Many women were trained for battle just like men. "Military police are out there knocking on doors and doing what they need to do," she recalls.
Women serving in the military say they consider that the front lines.
Amalia Garza agrees. She is currently serving in the Aarmy Reserve and says she too has been to what she considers the front lines. "Search for IED's, investigate this or that, go to the terrain and help the people out,"
So when the Pentagon recently announced women could join men in combat that just made it official.
There is one exception to the ruling. The Pentagon still has to rule on whether or not women can join special operations groups, like the Navy Seals.
Which brings up a whole other aspect, the physical strength test required for special ops is something many men can't even pass.
"That's the concern. Will they compromise proven training standards in order to accommodate women," says retired Navy captain Rocco Montesano.
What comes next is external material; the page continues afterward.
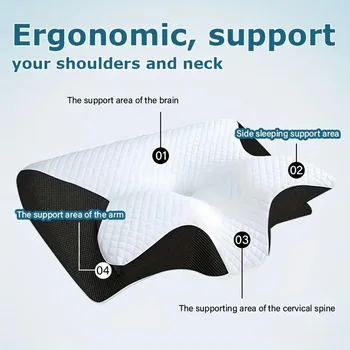Oreiller à mémoire de forme papillon, oreiller en mousse à mémoire de forme, profilé pour le sommeil, soulagement de la douleur au cou, soutien du ventre, oreiller confortable
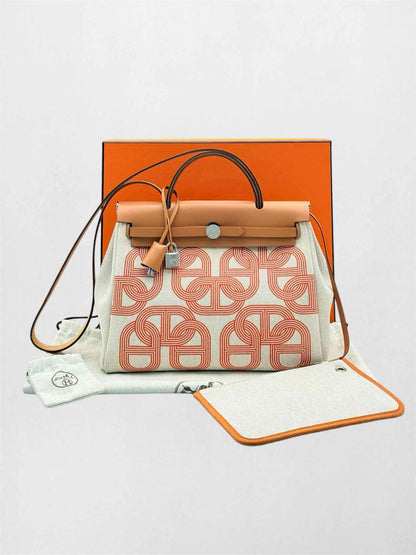 HERMES Herbag Zip 31 Ecru Fauve Top Handle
Garza agrees with Montesano. The training for Navy Seals is a higher level of physical strength. She says women will be prepared once they go through proper training.
"We were all females and we all served and we all went through the training. they will not let you certify you unless you pass the training," Amalia Garza says.
The Pentagon has until 2016 to decide if women will even be allowed to apply to special operations.
Amalia says that if they are considering it women should be encouraged. "If they are letting the door open more power to the females that want to do it."
The Pentagon has until May to figure out how to carry-out the plan. Women make up 14-percent of the active duty military.